Two meetings are scheduled for June, and then the board will shut down. Some sort of replacement board is likely to emerge over the next month on Beacon Hill, possibly with some of the current members, but there are no guarantees.

The control board came into existence in July 2015, following a winter that knocked the transit authority on its back. The board has followed its own path – not as passive as the much larger MassDOT board but not domineering, either. The panel in many respects plays the role of a sounding board. The five members, all selected by Gov. Charlie Baker, have succeeded in drawing attention to the MBTA’s many challenges and allowed the public and advocacy groups to voice their concerns.  

Two big issues have emerged. The first has to do with the level of oversight. The control board initially met every week and that felt right as there was so much to do. But a safety review committee appointed in the wake of a Red Line derailment at the JFK/UMass Station pointed out in December 2019 that the control board’s meeting schedule was getting out of hand; the staff was spending too much time getting ready for meetings and not enough time doing their jobs. So the board scaled back to two meetings a month, although the gatherings can still last a long time. (Monday’s meeting ran more than four hours.)
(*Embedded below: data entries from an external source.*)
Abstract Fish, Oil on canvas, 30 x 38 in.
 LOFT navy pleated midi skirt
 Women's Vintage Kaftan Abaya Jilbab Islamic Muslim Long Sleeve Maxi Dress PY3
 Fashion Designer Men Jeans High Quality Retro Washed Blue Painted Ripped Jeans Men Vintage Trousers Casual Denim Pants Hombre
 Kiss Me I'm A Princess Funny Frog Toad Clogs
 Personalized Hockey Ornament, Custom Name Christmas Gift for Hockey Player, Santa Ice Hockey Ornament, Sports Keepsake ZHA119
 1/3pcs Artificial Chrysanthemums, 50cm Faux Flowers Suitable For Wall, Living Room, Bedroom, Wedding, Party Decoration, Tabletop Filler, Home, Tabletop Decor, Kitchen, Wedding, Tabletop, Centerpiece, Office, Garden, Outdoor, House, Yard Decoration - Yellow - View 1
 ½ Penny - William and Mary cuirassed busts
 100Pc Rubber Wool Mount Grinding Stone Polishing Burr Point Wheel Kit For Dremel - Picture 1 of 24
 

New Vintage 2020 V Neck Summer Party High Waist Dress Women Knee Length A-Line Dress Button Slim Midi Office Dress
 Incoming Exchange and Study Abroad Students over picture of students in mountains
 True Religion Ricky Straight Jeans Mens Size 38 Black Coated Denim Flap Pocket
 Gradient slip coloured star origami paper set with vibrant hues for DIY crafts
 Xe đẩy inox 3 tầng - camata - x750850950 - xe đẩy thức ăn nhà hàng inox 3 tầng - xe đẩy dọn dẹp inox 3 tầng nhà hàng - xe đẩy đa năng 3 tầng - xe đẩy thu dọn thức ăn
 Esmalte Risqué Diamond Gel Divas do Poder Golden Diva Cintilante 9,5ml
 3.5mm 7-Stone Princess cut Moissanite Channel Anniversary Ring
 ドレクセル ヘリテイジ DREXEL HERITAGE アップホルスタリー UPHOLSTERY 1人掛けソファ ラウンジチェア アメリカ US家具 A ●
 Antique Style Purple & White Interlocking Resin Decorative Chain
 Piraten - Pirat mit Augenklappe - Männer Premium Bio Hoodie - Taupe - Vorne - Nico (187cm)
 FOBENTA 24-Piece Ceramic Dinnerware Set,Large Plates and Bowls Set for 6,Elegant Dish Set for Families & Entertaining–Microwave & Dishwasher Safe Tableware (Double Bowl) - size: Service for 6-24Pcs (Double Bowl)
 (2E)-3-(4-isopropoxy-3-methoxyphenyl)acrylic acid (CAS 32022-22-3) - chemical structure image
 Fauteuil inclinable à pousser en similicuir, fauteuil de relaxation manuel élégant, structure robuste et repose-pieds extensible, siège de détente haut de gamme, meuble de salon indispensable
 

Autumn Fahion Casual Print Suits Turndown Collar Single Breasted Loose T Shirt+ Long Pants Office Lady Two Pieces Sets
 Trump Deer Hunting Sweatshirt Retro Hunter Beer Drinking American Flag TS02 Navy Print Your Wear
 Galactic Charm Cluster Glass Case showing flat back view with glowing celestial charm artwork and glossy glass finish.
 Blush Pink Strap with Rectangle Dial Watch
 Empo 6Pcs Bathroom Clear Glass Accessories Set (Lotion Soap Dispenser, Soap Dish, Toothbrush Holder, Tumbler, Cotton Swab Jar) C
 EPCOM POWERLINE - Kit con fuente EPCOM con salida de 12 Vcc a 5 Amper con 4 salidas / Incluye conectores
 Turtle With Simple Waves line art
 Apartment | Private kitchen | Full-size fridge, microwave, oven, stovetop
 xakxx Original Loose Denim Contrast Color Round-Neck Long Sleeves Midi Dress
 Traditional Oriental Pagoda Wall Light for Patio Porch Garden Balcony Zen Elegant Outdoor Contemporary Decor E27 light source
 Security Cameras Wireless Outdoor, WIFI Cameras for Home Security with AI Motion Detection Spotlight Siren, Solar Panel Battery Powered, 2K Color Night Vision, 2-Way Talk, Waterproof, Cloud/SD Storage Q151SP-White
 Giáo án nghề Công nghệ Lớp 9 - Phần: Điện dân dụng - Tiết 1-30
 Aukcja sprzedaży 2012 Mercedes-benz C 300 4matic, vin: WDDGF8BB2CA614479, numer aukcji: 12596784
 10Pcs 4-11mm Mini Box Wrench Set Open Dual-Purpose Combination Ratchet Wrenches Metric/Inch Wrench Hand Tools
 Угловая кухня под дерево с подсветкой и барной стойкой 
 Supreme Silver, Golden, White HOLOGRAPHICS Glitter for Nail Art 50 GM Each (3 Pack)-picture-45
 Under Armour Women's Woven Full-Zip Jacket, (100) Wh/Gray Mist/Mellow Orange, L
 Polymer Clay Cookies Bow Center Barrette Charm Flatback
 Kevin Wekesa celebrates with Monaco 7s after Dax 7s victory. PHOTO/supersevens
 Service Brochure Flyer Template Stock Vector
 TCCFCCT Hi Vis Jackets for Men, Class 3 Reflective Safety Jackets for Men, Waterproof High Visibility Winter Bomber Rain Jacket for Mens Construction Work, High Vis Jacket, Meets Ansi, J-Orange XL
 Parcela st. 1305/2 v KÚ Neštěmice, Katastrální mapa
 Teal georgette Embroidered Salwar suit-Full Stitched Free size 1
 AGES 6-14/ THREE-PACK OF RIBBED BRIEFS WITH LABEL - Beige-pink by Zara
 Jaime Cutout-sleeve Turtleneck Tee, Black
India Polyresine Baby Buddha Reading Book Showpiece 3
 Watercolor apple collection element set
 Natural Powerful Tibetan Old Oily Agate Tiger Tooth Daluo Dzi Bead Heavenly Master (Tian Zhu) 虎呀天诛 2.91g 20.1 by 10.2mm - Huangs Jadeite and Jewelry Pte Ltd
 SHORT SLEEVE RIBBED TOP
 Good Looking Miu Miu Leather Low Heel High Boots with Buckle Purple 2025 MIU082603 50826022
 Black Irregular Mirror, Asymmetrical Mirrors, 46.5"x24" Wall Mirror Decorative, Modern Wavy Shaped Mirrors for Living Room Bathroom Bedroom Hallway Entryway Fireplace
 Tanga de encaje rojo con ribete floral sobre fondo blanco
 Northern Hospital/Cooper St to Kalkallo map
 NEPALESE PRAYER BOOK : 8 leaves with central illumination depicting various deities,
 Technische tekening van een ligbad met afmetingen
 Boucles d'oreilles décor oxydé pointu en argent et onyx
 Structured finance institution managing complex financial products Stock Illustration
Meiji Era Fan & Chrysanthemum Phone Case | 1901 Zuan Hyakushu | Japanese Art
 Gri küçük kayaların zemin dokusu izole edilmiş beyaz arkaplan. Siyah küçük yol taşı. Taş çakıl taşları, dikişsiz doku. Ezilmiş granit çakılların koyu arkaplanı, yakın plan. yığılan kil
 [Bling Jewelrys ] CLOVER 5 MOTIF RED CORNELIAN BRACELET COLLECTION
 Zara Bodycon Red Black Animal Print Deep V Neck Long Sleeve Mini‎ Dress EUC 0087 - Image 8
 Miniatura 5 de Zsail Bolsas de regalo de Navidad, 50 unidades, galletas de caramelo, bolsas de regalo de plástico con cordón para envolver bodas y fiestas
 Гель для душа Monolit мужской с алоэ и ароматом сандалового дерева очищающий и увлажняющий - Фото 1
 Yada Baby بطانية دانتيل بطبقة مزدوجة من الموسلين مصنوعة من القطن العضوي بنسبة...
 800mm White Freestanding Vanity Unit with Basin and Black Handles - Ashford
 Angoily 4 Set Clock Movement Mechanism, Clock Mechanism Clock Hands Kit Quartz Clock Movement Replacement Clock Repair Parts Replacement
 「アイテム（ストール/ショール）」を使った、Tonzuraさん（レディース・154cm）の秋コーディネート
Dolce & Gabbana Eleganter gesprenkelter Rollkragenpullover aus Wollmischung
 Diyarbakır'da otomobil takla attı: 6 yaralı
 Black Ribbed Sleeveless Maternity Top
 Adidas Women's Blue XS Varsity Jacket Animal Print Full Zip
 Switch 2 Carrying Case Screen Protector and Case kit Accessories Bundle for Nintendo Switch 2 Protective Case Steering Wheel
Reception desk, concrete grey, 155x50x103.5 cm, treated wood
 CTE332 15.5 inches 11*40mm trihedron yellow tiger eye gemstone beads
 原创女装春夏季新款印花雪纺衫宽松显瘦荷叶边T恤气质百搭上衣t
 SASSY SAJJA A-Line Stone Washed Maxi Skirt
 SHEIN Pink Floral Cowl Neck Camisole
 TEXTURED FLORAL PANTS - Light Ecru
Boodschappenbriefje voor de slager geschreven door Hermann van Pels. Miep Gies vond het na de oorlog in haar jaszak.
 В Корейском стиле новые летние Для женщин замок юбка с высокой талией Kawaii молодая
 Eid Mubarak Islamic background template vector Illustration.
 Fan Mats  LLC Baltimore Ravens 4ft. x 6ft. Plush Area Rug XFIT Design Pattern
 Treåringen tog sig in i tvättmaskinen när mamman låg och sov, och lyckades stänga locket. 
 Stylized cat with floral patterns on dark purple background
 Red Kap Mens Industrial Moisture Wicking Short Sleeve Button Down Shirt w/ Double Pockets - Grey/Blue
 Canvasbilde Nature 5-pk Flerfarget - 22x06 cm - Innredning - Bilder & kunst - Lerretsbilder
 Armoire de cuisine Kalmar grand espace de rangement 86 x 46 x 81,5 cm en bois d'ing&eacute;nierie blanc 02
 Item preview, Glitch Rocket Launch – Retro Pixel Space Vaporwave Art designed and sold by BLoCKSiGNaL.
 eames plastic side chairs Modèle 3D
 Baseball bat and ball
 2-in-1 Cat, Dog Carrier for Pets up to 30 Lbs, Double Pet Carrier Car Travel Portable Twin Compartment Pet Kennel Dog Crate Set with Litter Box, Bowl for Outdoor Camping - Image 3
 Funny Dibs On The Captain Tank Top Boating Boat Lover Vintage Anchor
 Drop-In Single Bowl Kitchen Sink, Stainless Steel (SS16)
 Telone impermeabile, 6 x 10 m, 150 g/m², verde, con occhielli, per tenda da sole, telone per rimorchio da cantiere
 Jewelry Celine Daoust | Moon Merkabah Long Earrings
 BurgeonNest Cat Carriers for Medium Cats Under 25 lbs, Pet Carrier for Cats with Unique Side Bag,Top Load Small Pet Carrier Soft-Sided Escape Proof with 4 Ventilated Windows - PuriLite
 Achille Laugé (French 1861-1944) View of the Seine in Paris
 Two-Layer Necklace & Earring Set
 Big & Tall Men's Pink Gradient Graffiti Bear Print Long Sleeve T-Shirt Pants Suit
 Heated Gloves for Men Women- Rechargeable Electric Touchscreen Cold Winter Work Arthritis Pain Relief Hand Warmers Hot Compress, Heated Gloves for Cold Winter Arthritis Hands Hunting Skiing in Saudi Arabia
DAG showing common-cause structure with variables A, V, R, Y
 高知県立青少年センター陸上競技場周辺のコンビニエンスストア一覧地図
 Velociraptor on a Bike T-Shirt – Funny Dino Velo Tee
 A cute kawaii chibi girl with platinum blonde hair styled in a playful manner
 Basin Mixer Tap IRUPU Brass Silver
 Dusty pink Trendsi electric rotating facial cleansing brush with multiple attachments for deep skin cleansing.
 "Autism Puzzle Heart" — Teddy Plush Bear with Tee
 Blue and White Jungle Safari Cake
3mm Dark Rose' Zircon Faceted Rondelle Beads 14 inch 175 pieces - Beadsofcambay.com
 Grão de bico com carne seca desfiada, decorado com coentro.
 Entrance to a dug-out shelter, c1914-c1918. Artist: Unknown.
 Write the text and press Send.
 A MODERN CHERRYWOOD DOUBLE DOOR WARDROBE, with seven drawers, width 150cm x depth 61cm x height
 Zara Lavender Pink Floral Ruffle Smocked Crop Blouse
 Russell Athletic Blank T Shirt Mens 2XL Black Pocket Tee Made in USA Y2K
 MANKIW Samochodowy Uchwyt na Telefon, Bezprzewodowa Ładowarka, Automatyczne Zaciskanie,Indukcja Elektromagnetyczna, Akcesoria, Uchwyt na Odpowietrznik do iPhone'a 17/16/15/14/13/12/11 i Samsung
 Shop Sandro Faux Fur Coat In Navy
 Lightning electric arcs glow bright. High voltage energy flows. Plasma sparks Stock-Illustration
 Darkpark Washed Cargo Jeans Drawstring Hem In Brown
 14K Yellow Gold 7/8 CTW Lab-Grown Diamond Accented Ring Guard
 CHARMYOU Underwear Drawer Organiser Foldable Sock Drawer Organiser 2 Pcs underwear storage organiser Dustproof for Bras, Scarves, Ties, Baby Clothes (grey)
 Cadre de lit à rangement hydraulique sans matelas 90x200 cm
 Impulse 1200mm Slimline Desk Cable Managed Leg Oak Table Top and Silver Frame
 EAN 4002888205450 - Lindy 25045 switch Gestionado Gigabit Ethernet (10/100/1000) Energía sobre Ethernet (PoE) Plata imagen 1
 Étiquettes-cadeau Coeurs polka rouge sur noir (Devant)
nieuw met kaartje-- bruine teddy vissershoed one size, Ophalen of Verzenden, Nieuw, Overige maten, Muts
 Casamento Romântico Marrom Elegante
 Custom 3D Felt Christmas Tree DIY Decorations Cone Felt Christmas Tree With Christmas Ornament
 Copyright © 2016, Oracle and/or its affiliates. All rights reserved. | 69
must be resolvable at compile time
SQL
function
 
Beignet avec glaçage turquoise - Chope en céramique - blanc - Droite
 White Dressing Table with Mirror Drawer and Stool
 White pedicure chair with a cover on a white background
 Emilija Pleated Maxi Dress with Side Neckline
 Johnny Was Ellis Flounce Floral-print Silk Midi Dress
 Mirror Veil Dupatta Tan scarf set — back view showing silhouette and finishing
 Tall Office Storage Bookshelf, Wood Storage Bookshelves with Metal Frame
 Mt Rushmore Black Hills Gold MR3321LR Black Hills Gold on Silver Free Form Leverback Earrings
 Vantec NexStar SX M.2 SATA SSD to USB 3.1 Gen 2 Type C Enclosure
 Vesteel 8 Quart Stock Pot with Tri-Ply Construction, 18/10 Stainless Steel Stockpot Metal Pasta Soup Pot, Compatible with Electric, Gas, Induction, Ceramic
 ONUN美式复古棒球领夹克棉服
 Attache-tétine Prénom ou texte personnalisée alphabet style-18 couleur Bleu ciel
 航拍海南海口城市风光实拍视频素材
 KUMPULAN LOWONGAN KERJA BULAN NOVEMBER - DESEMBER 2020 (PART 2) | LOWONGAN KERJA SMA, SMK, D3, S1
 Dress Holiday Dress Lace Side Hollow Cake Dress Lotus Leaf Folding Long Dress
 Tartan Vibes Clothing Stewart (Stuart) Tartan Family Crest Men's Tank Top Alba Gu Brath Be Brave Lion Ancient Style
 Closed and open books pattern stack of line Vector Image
The other big issue is consensus. The most remarkable thing about the board has been its ability to hash issues out without getting into messy policy fights among its members or with T staff. But lately, perhaps because the board’s end is in sight, it’s been getting more and more difficult to find common ground on certain issues.

On fares, for example, the T for years has hewed to the philosophy put forward by former transportation secretary Stephanie Pollack and enshrined in a 2017 state law that the price of a ride should go up by a moderate amount at regular intervals. The law limits fare increases to no more than 7 percent every two years. The last increase was in 2019; the law would allow another increase this summer, but the board shows no inclination to do that.

Indeed, some board members want to move in the opposite direction. Amid calls from advocates and some Beacon Hill lawmakers for doing away with bus fares entirely, the control board is putting pressure on T staff to come up with a way to implement means-tested fares – fares based on the income level of the rider. 

Gov. Charlie Baker in January vetoed a proposal for means-tested fares because there was no “financially sustainable plan in place to replace the lost revenue.” But at a meeting on Monday two members of the board expressed frustration at the lack of action on means-tested fares on Beacon Hill. They suggested the T should use its own funds to launch a means-tested-fare pilot next year and use the success of the pilot to leverage funding from the Legislature for a permanent program. There was strong pushback on that idea from another member of the board. 

A similar impasse has emerged on fare evasion. The T wants fines for fare evasion to be high enough to serve as a deterrent, but board members seem reluctant to assess fines higher than $10 for initial offenses. 

Joe Aiello, the chair of the control board and its leading proponent of consensus, put off action on both means-tested fares and fines for fare evasion until next month. He has two meetings left to find some common ground. Time is running short.